Combining Deep Learning and Street View Imagery to Map Smallholder Crop Types
Jordi Laguarta Soler, Thomas Friedel, Sherrie Wang
TL;DR
This work tackles the shortage of crop-type maps in low- and middle-income regions by integrating street-view imagery with remote sensing. It introduces an automated pipeline that auto-generates field coordinates from OpenStreetMap, filters and orients street-view images toward crop fields, and uses weakly-labeled data (from WebCC, iNaturalist, and GPT-4V) to train street-view crop-type classifiers; these labels then train a Sentinel-2-based remote-sensing model to produce wall-to-wall crop-type maps.
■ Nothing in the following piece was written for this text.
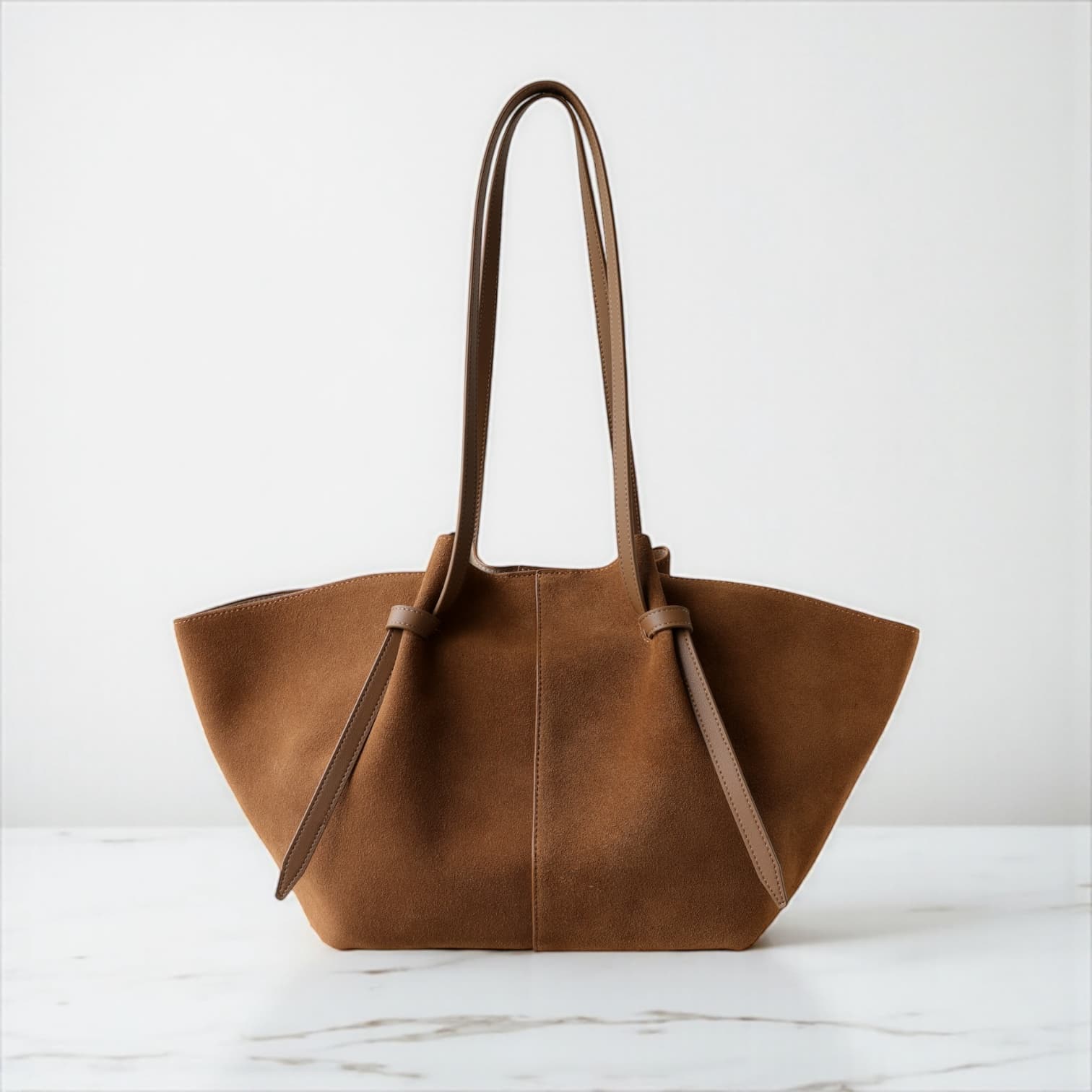 485 本革スウェードLHトートバッグ ブラウン / 上質レザー×巾着付き 通勤バッグ ルビリア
In Thailand, the approach yields a 10 m resolution map covering rice, cassava, maize, and sugarcane with 93% overall accuracy, alongside a public release of 81,000 ground-reference labels and the full 2022 crop map. The study demonstrates that weak supervision, including GPT-4V labeling, can substantially reduce expert labeling needs while maintaining high performance, offering a scalable path to crop mapping in underserved regions. Limitations include dependence on street-view data availability, update frequency, and domain transfer considerations, but the framework generalizes to other regions and street-level imagery sources.
Abstract
Accurate crop type maps are an essential source of information for monitoring yield progress at scale, projecting global crop production, and planning effective policies. To date, however, crop type maps remain challenging to create in low and middle-income countries due to a lack of ground truth labels for training machine learning models. Field surveys are the gold standard in terms of accuracy but require an often-prohibitively large amount of time, money, and statistical capacity. In recent years, street-level imagery, such as Google Street View, KartaView, and Mapillary, has become available around the world. Such imagery contains rich information about crop types grown at particular locations and times. In this work, we develop an automated system to generate crop type ground references using deep learning and Google Street View imagery. The method efficiently curates a set of street view images containing crop fields, trains a model to predict crop type by utilizing weakly-labelled images from disparate out-of-domain sources, and combines predicted labels with remote sensing time series to create a wall-to-wall crop type map. We show that, in Thailand, the resulting country-wide map of rice, cassava, maize, and sugarcane achieves an accuracy of 93%. We publicly release the first-ever crop type map for all of Thailand 2022 at 10m-resolution with no gaps. To our knowledge, this is the first time a 10m-resolution, multi-crop map has been created for any smallholder country. As the availability of roadside imagery expands, our pipeline provides a way to map crop types at scale around the globe, especially in underserved smallholder regions.